By on 8.29.12 | 5:04PM

In their rush to pack the presidential debate moderators with far-left liberals, the Commission in charge of these shenanigans somehow managed to miss PBS's Gwen Ifill who was reported to be "livid" at being snubbed.

On Monday night, ABC and Yahoo! News broadcast over the Internet a video in which a Yahoo! reporter (their Washington bureau chief) named David Chalian was heard saying, regarding Mitt and Ann Romney's reaction to Hurricane Isaac hitting the Gulf Coast, "They're not concerned at all. They're happy to have a party with black people drowning."

(You can hear him starting about 5 seconds into this video.)

On Wednesday, Yahoo! fired Chalian, offering this statement: "David Chalian's statement was inappropriate and does not represent the views of Yahoo!.  He has been terminated effective immediately. We have already reached out to the Romney campaign, and we apologize to Mitt Romney, his staff, their supporters and anyone who was offended."

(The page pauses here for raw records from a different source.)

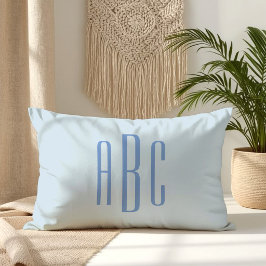 Modern Three Letter Monogram Light Blue Lendenkissen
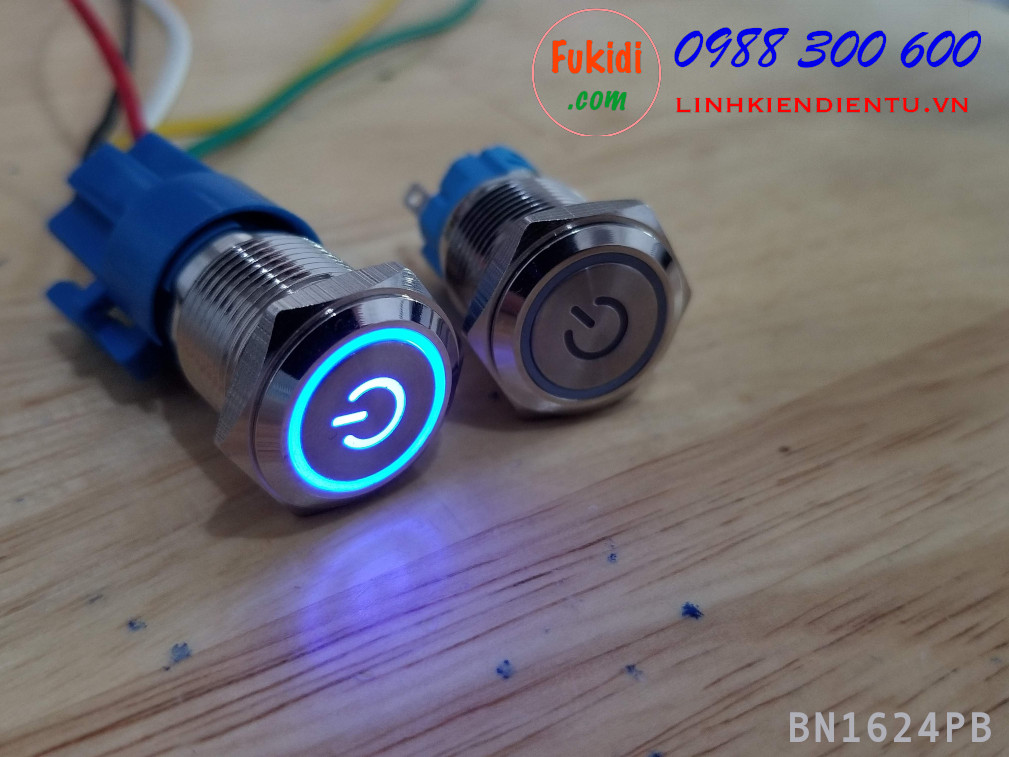 BN1624PB Nút nhấn nhả vỏ kim loại phi 16mm, điện áp 24V, chống thấm nước, đèn hình biểu tượng nguồn màu xanh lục
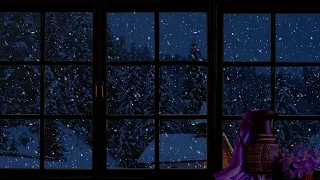 Snowing Outside Window | 3 hour cold winter snowstorm ambiance through window for Sleep, Study -ASMR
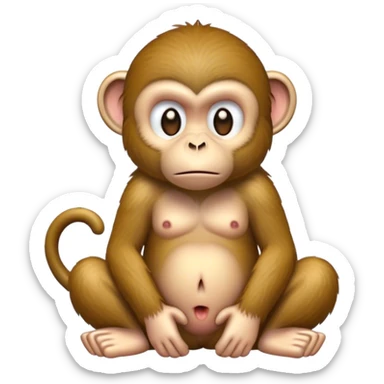 Monkey with a stomach ache  sticker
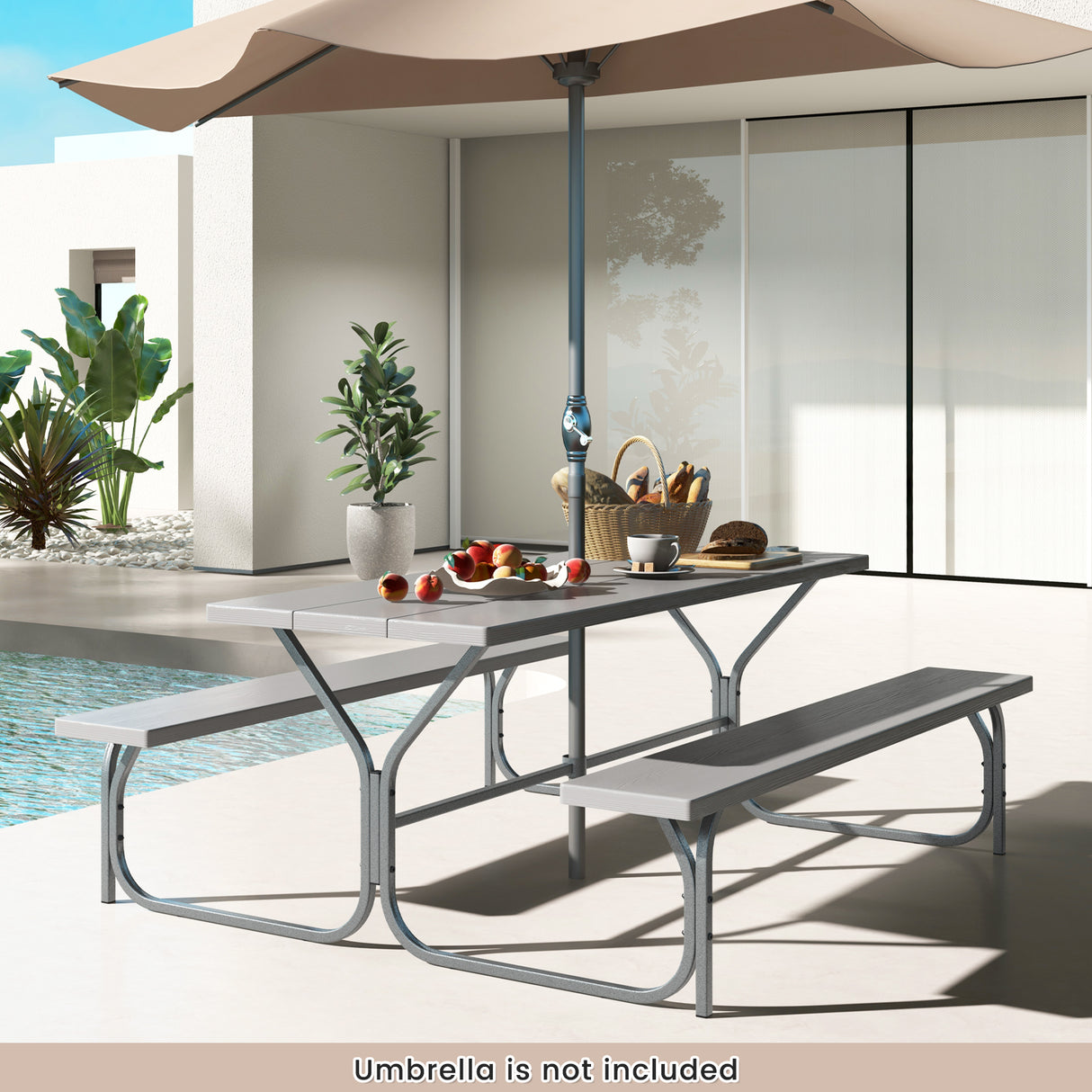 6 FT Picnic Table Bench Set Dining Table and 2 Benches with Metal Frame and HDPE Tabletop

While I am more than tired of reporters being fired for one statement, even a stupid one, it's interesting to note Gwen Ifill's response to the events, as posted on her Twitter feed: "One mistake does not change this. @DavidChalian is God's gift to political journalism."

On his own Twitter feed, Chalian apologized: "I am profoundly sorry for making an inappropriate and thoughtless joke."

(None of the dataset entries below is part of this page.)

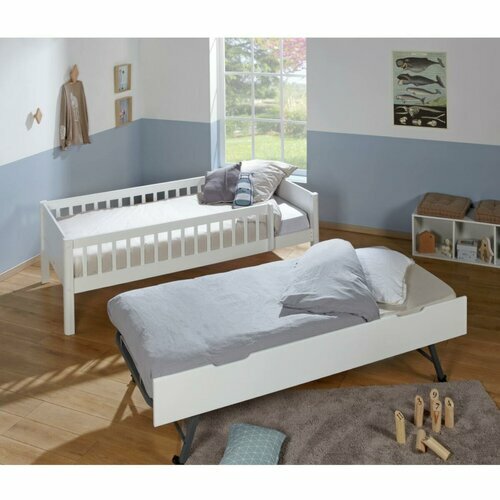 Ambiance du Pack lit enfant gigogne avec barrires et 2 matelas Victoria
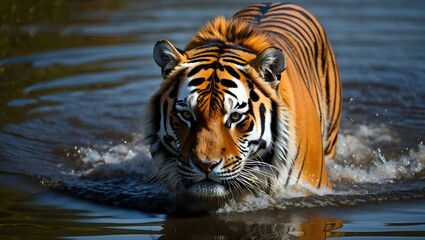 Majestic Bengal Tiger Walking Through Water - Wildlife Portrait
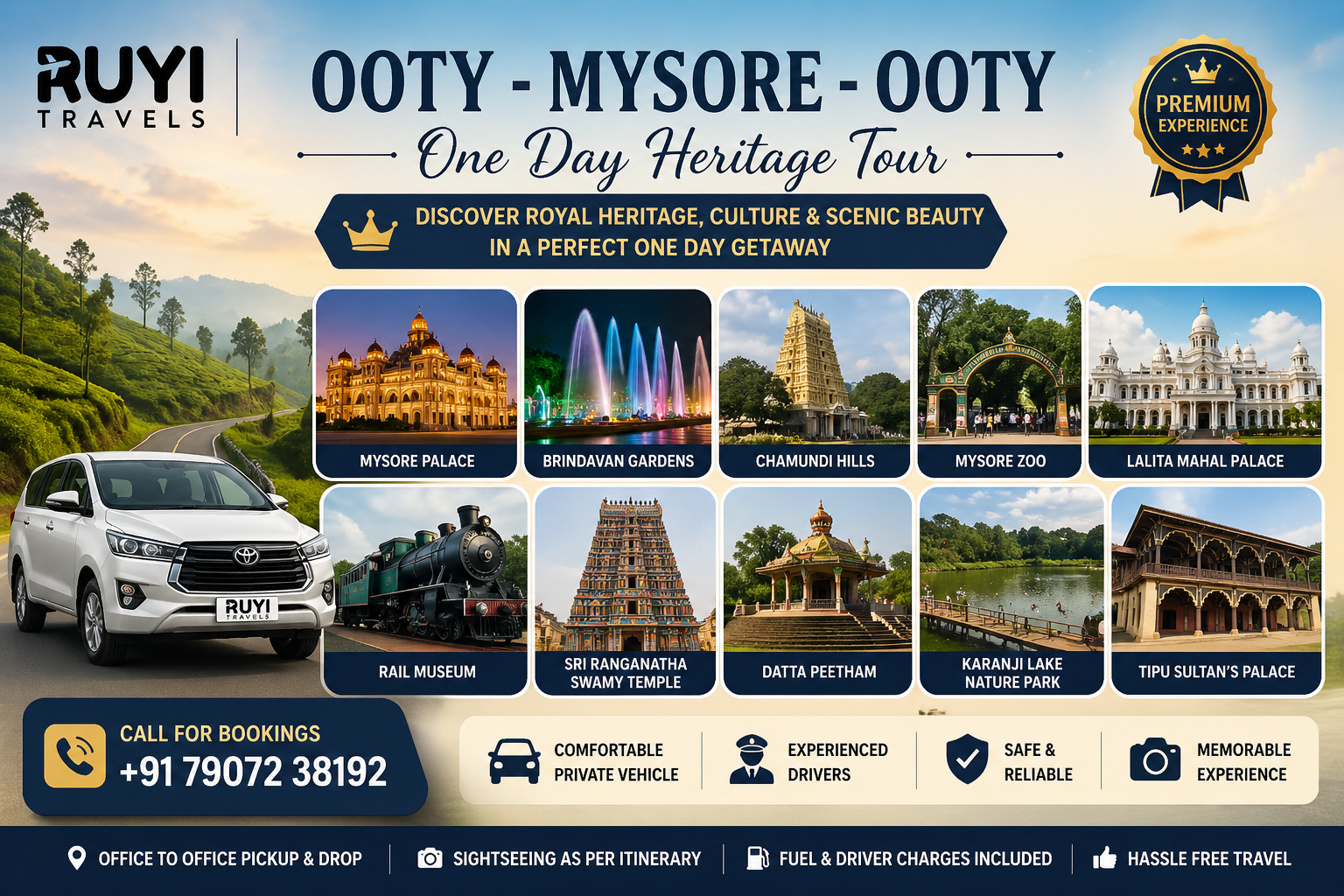 Ooty to Mysore One Day Heritage Tour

He should be sorry, of course.

And while I cannot say with utmost confidence that Chalian should have been fired, his comments certainly reinforce our understanding of the intensity not just of "liberal bias" in the media but of the outright disdain that so many "reporters" hold for all Republicans.

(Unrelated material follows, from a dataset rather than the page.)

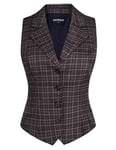 SCARLET DARKNESS Ladies Vest Top Sleeveless Steampunk Corset Waistcoat Dressy Tuxedo Suit Blazer for Women UK Navy Blue Plaid XL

We have seen a couple of welcome pangs of conscience and professionalism from non-conservative journalists such as Jake Tapper and Anderson Cooper (must see video here). For me, this is like a patient getting the results of an initial test suggesting cancer. The question now becomes whether the media sticks its head in the sand, or takes the next test to confirm, the first major step toward radiation and chemotherapy to cure a disease which is most likely otherwise to be fatal.

Meanwhile, today's events suggest a small shred of wisdom among the Commission on Presidential Debates to avoid Ms. Ifill.